At the Bristol show earlier this year I got an idea of what Nigel Finn at the Chord Company had been up to with the new Sarum Super ARAY cables, it was enough to lure me to Amesbury to hear more precisely what he has been up to. Sarum Super ARAY replaces Sarum Tuned ARAY at the top of Chord’s current cable range, it is an evolution of its predecessor and looks similar at a glance. But take another look and you’ll see that the RCA plugs now have white PTFE rather than coloured polycarbonate plugs. Because it’s difficult to print on PTFE they use coloured ‘O’ rings to denote channels. That is pretty well the only obvious difference between new and old Sarum ARAY cables, most of the changes are proprietary and hidden beneath the white sheath. But Nigel does say that Tuned ARAY dealt with earthing issues while Super ARAY applies the lessons learned to the signal side of thing.
We started by comparing Tuned to Super ARAY on a digital cable between a Sony CD transport and Naim DAC, this would normally be described as a coax cable but apparently it’s not coaxial in construction (yet does have a 75 Ohms impedance). The result was an increase in space and a lowering of the noise floor, which combined had a pretty substantial and positive effect. The quiet end of the spectrum is where the fine detail comes from, the quieter a system the more you hear. The musical result is greater tangibility, the musicians seem like they are in the room and it’s difficult to imagine going back to what previously seemed spectacular in Tuned ARAY. Going from Tuned to Super ARAY with analogue interconnect from DAC to preamplifier provided an even greater opening up of the soundstage with greater height and more focus on the voices on a CSN song called Cathedral. In fact it provided a big step up in terms of coherence, detail resolution and realism. The definition is extraordinary and the music is so involving that you can’t help but get carried away with it.

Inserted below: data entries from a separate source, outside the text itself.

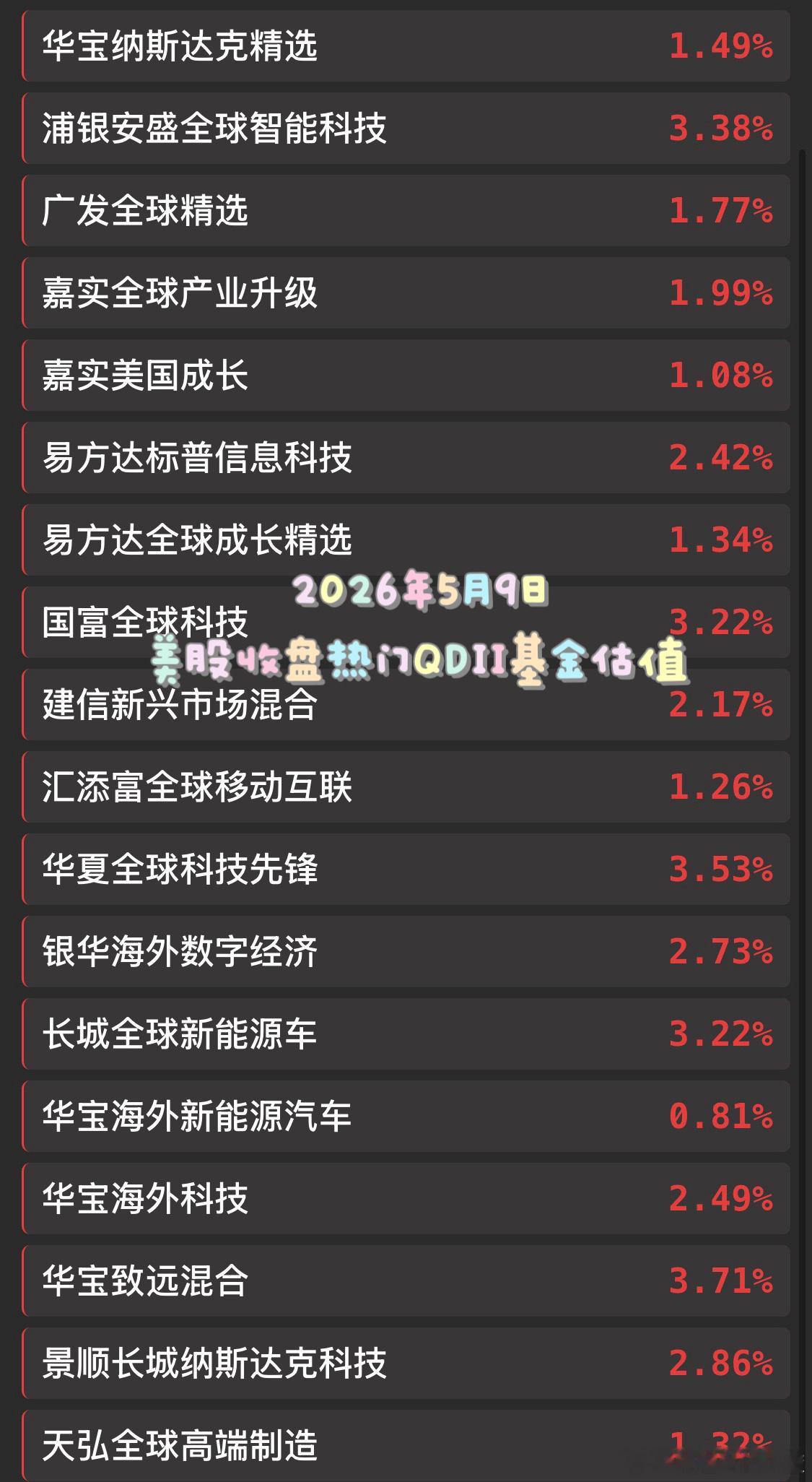 回顾一下美股昨天收盘基金估值。 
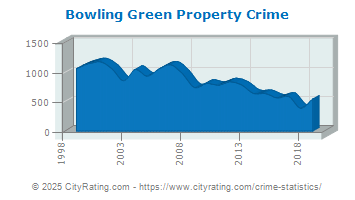 Bowling Green Property Crime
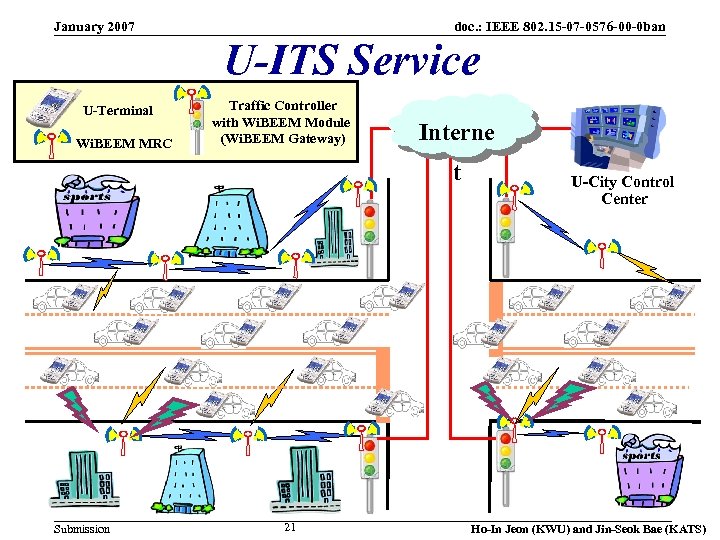 January 2007 doc. : IEEE 802. 15 -07 -0576 -00 -0 ban U-ITS Service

But before I got too carried away Nigel pulled out the forthcoming jewel in Chord Co’s crown, the Music interconnect; terrible name extraordinary cable. This uses a mil spec dielectric material that Chord has called Taylon, it’s supposedly incredibly expensive and technically superior to PTFE, thought by most to be the ultimate. Taylon is the only physical difference between Sarum Super ARAY and Music, which hardly prepares you for the upgrade from what is already a class leading cable. Essentially it comes down to a further reduction in noise, noise that you cannot detect as such until it’s taken away. The good and bad thing about audio reproduction is that most noise and distortion is not heard as such unless you listen to purist recordings on massively transparent systems. Normally it blends in with the music, but take it away and the quality of the playing and singing takes on new depths. Music the cable is the most precise, refined and revealing interconnect I have heard in nearly 30 years of reviewing. I hate to use the phrase but it really is a game changer, you really won’t believe how good Yours Is No Disgrace by Yes can sound until you’ve heard it on Music. And that applies to pretty much any other piece of music you can think of. Prepare new holes for the goal posts, Music will change your perception of what counts most in the audio chain.